Wednesday, March 15, 2017

TEACHER QUALIFICATIONS, NOT EVALUATIONS, MAY BE EDUCATION ANSWER

CALIFORNIA FOCUS
FOR RELEASE:  FRIDAY, APRIL 21, 2017, OR THEREAFTER


BY THOMAS D. ELIAS
    "TEACHER QUALIFICATIONS, NOT EVALUATIONS, MAY BE EDUCATION ANSWER"


          Few questions about public education have been disputed more hotly over the last few years than evaluations – in a day when almost everyone agrees public schools need major improvement, how to tell which teachers are good, which are the best and which don’t deserve to be kept around.


          For some, the answer is in “value added” ratings: How much do children improve or decline in standardized testing while under the tutelage of one teacher compared to what they do under another?


          But America’s second-largest teachers union might have a better idea: make sure teachers are well qualified even before they’re hired. True, that’s what teacher credentialing is supposed to do, but no one pretends any more that a credential assures any teacher has mastery over the subjects he or she might teach.


          As a rule, teachers and their unions don’t like the value-added idea. It  puts all the onus on them and none on pupils or their parents, where many analysts believe most education problems originate and are perpetuated.

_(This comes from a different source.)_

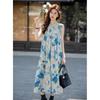 MOKANA Fashion Elegant Printed Sleeveless Mid-Length Ink Wash Dress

          But a few local unions have broken down and allowed test scores to be used as part of teacher evaluation. In 2015, California’s largest school district (Los Angeles Unified) and its teachers union tentatively agreed to this sort of arrangement. That agreement eventually could see state test scores, high school exit exam results, rates of attendance, graduation and suspensions all factored into teacher evaluations. The weight given to each of these factors and classroom observation is not yet agreed upon.

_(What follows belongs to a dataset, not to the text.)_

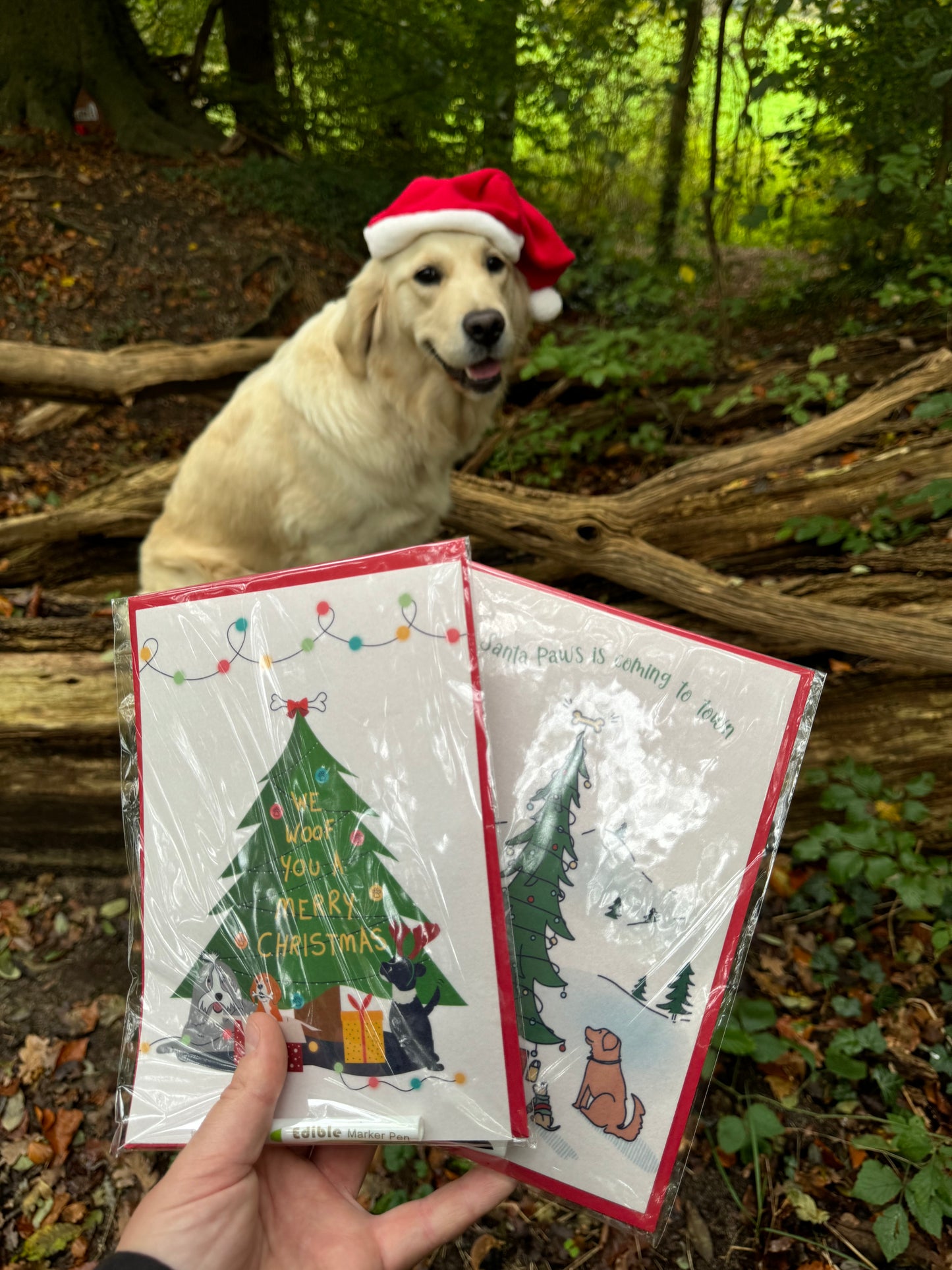 Eetbare kerstkaart - We woof you a merry Christmas - SALE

          Into this dispute comes the American Federation of Teachers, the No. 2 education union behind the National Education Assn. (The California Teachers Assn. is part of the NEA.)

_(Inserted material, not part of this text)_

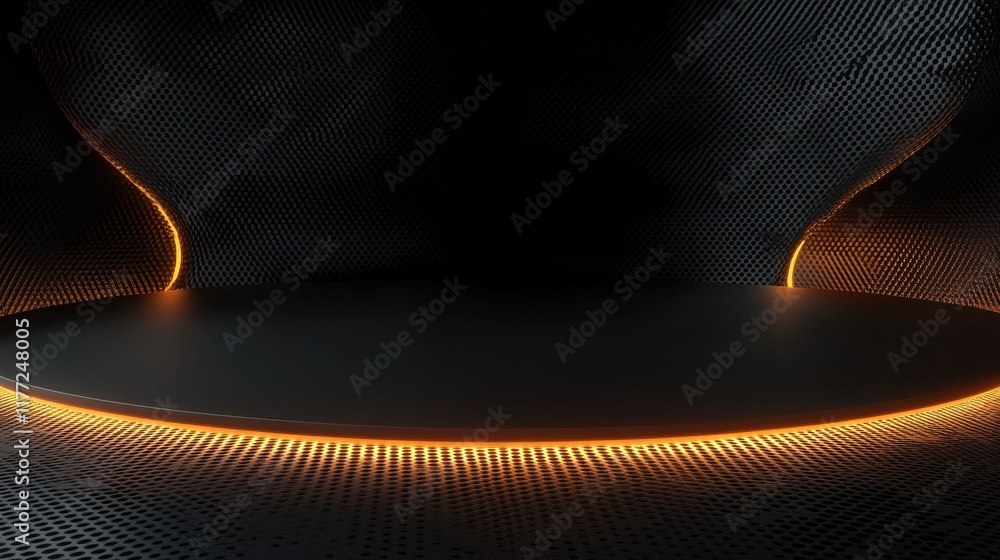 Poster abstract technological backdrop with glowing waves and geometrical figures and empty space for your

          The AFT notes that school districts for a time raised the bar for students by using the high school exit exam and other standardized tests to make sure diplomas have real meaning. On hiatus now in California, that exam may or may not come back. But the union notes there are no similarly widespread means to test whether new teachers are qualified to take over classrooms.


          It commissioned a survey of 500 new public school teachers and found fully one-third felt unprepared on their first day. Those hired to teach special needs students or working in low-performing schools were most likely to feel unprepared and overwhelmed.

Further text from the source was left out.